Si nous avons voulu placer ce sujet en éditorial dans notre rubrique “À la recherche de Kadath”, c’est pour une autre raison encore. On n'a pas manqué de faire remarquer que les tertres à plate-forme de Caral sont contemporains de la pyramide à degrés de Saqqarah en Égypte, édifiée sous le règne du pharaon Djéser entre -2667 et -2648. Peut-on conclure pour autant, comme le fit la revue Science et Vie, que “le Nouveau Monde a inventé la pyramide” ? Ce serait faire du sensationnalisme à bon marché. Contentons-nous de relever au moins la synchronicité des événements, et c’est déjà important. Depuis des décennies, nombre de défenseurs de possibles contacts transatlantiques précolombiens avaient l’habitude d’avancer comme un de leurs arguments la présence de pyramides des deux côtés de l’océan. Ceci, malheureusement pour eux, se heurtait au décalage dans le temps, les pyramides égyptiennes étant largement antérieures à celles de Chavin au Pérou, ou de Teotihuacan au Mexique. Voilà donc que le balancier est revenu de leur côté, Caral étant contemporain de Saqqarah. N’oublions pas non plus d’autres théories, encore réactualisées ces dernières années, qui veulent qu’une civilisation, de plusieurs millénaires plus ancienne encore, aurait fleuri quelque part et ses vestiges enfouis sous les sables du Sahara, sous les glaces de l’Antarctique ou sous les eaux de l’Atlantique : des “rescapés” auraient alors pu être à l’origine de l’émergence de nouvelles civilisations, tant dans l’Ancien que dans le Nouveau Monde. Voilà la question relancée.

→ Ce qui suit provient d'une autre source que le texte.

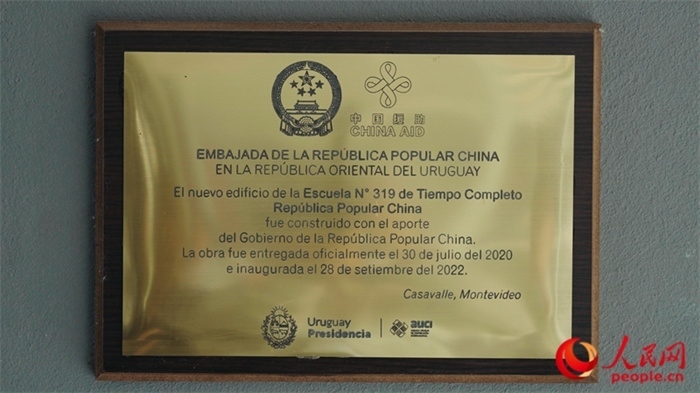 小學墻上懸掛的中國援助標識。人民網(wǎng)記者 張若涵攝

Ce que montre aussi Caral, c’est que l’idée d’une structure architecturale telle que la pyramide à gradins a brusquement germé dans le cerveau d’une population que rien n’y préparait. D’autant que le désert côtier du Pérou est un des plus arides de la terre et ne semble pas particulièrement inviter à y faire démarrer une civilisation. Aucune culture maritime locale ne l’a précédée et l’agriculture qui s’y développa était demeurée au stade précéramique. Au même moment à Saqqarah, partant de simples mastabas en pierre, l’architecte Imhotep développa l’idée de la pyramide à quatre puis à six gradins, mais là aussi d’un seul coup, sur le même édifice et sans tentatives préalables. Comme à Caral, une terrasse couronnait la construction. Cependant, le parallèle s’arrête là. Sans doute est-ce le génie local qui, en Égypte, fit passer les architectes directement à la pyramide “vraie”, en pointe, alors qu’au Pérou puis au Mexique se maintint, durant des millénaires, le concept de la pyramide à gradins, coiffée éventuellement de son temple.